Terms and Temptations:The CEO spoils me silly

Author: : Nuella King
Genre: Billionaires
She died with betrayal in her chest... and came back with vengeance in her veins. Vivian Emmanuella Davis thought death was the end-until she woke up three years in the past, armed with nothing but a scar and the memory of the night that changed everything. This time, she's not the naive girl easily fooled by fake friends and a ruthless ex. She's fire wrapped in silk, ready to rewrite her fate. Xander Blake-enigmatic, powerful, and dangerously irresistible. One night. No names. No faces. No promises. Until fate brings them back together... not as strangers, but as boss and secretary. When Xander offers her a marriage contract with secrets of his own, the lines between business and desire blur. But in a world full of deception and second chances, Emma must decide: Is she falling for the man... or the trap?

Chapter 1 The Loop

Am I dreaming... or is this heaven? I thought I died. I know I died. I remember the coldness that settled in my chest like a final breath. The sting of betrayal. The flash of steel. The warmth of my own blood pooling beneath me, seeping into my favorite cream blouse - the one Diane said brought out my eyes.

Diane. She was the last face I saw. The same one who's calling my name now.

"Emma... Emma..."

At first, I thought it's an echo. A cruel trick of memory. Then her voice grows louder, cutting through the dense fog in my head.

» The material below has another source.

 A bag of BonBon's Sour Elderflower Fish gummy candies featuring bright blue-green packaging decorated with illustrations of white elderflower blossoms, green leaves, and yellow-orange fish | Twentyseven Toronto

"Emma! Get up, we're going to be late for the interview!"

My eyes fly open. The ceiling. The off-white cracks. The gentle hum of the standing fan in the corner. It's all... familiar. Too familiar.

I sit up slowly, my breath shallow. The blanket falls away from my body. I look down at my hands steady, warm, alive. Alive?

As I sit up in bed, memories flood my mind like a tidal wave. I remembered the night I died, the feeling of the blade piercing my skin, the sound of Diane's voice whispering in my ear. I remembered the pain, the fear, the sense of betrayal. But I also remembered the moments leading up to that night, the laughter, the tears, the fights. I remembered the way Robert smiled at Diane, the way Diane looked at me with a mixture of envy and hatred. I remembered the way I felt, like I was walking on eggshells, never knowing when the other shoe would drop.

I remembered the way Diane would make snide comments about my clothes, my hair, my makeup. I remembered the way Robert would flirt with me in front of Diane, making her seethe with jealousy. I remembered the way I tried to navigate their toxic dynamic, never knowing how to please both of them.

But most of all, I remembered the night it all came crashing down. The night Diane stabbed me, the night I died.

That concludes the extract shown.